■ **What to produce**
Go through the listing below and write out exactly the lines from the one that mentions "山东泰山三轮暴露进攻隐患 教练韩鹏面临执教危" through the one that mentions "2/2 Hinder Street, GUNGAHLIN, ACT 2912 AUS", minus the pictures.

======== Data ========

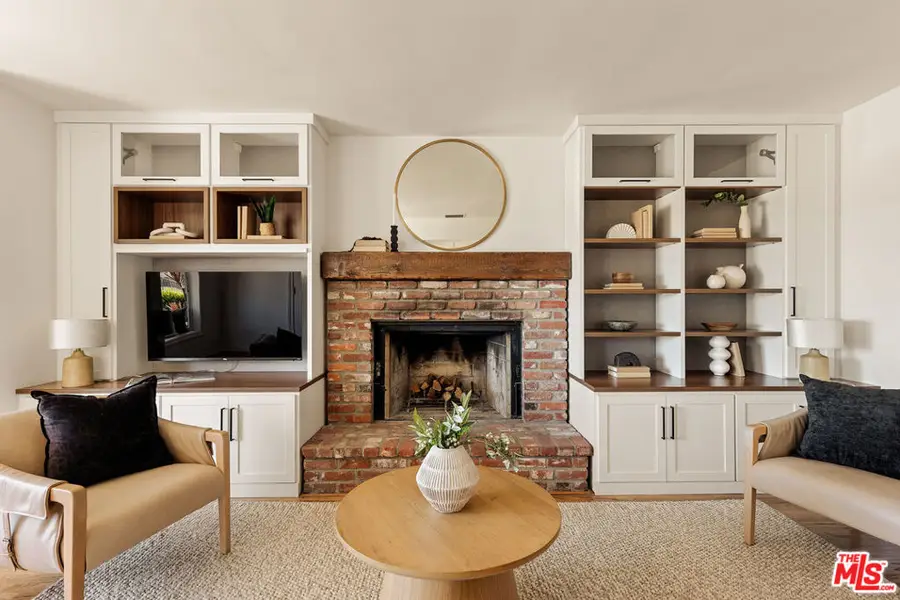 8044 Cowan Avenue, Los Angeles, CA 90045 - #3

========
======== Data ========

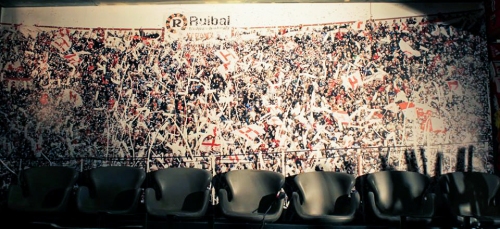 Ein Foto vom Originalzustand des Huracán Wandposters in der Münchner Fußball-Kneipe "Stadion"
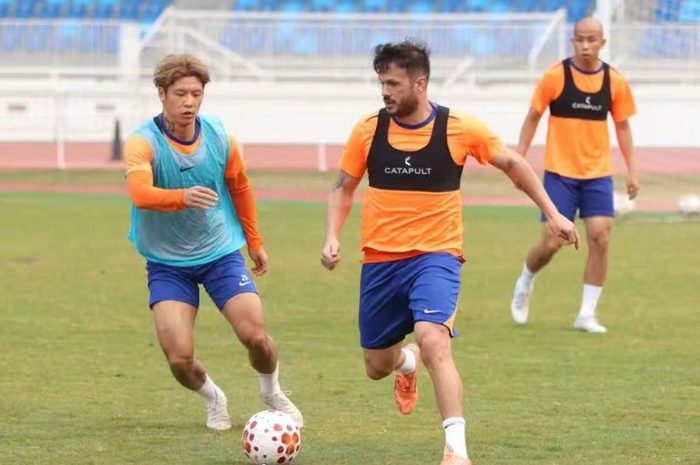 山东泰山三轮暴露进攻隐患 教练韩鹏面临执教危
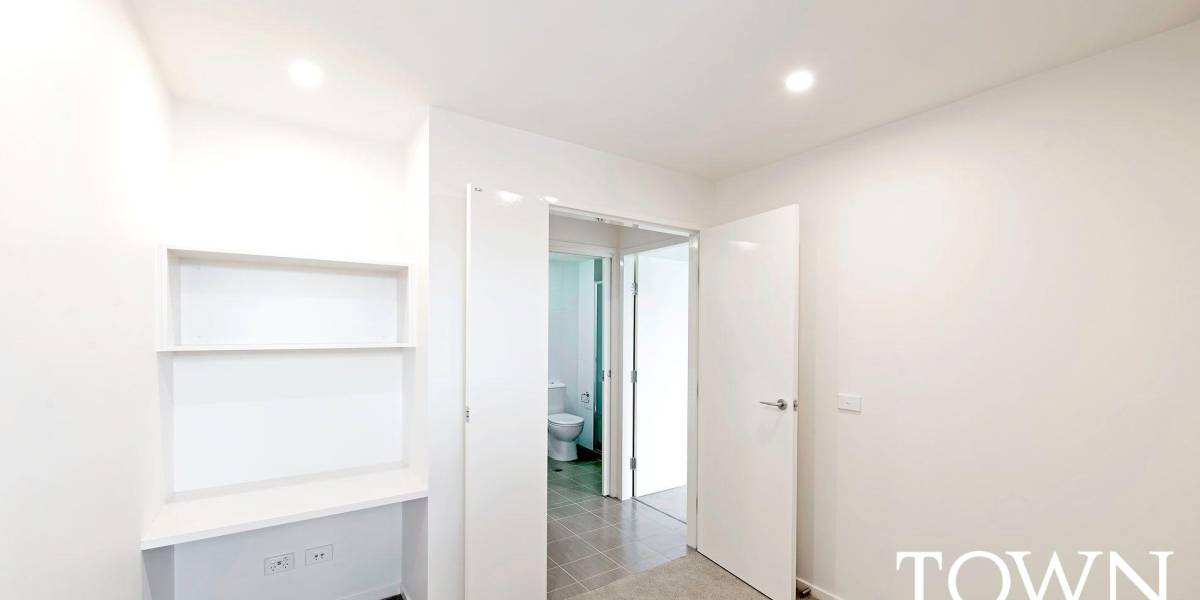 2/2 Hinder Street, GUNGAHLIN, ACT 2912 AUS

========
======== Data ========

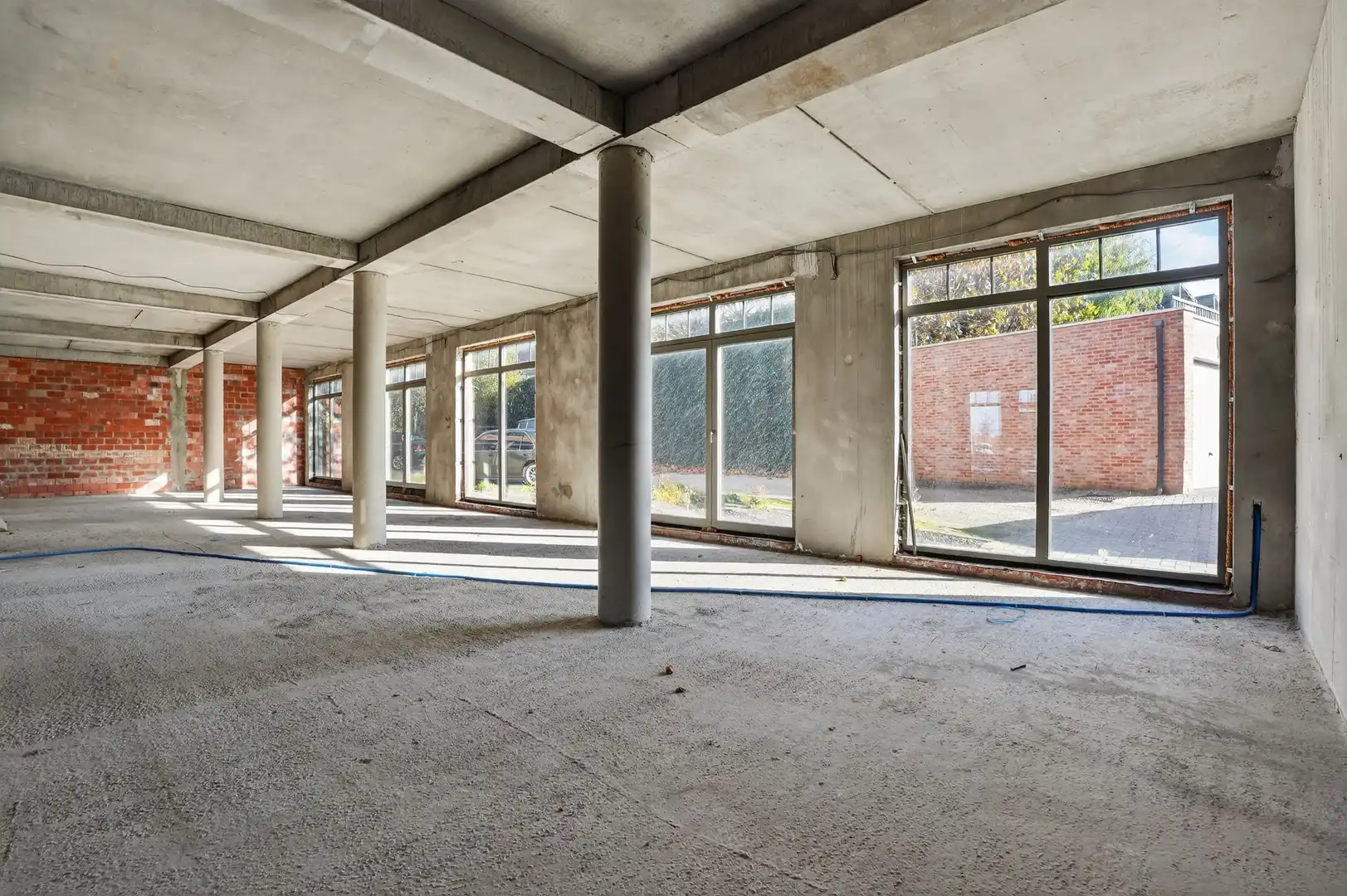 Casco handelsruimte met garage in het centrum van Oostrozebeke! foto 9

========

■ **Solution**
 山东泰山三轮暴露进攻隐患 教练韩鹏面临执教危
 2/2 Hinder Street, GUNGAHLIN, ACT 2912 AUS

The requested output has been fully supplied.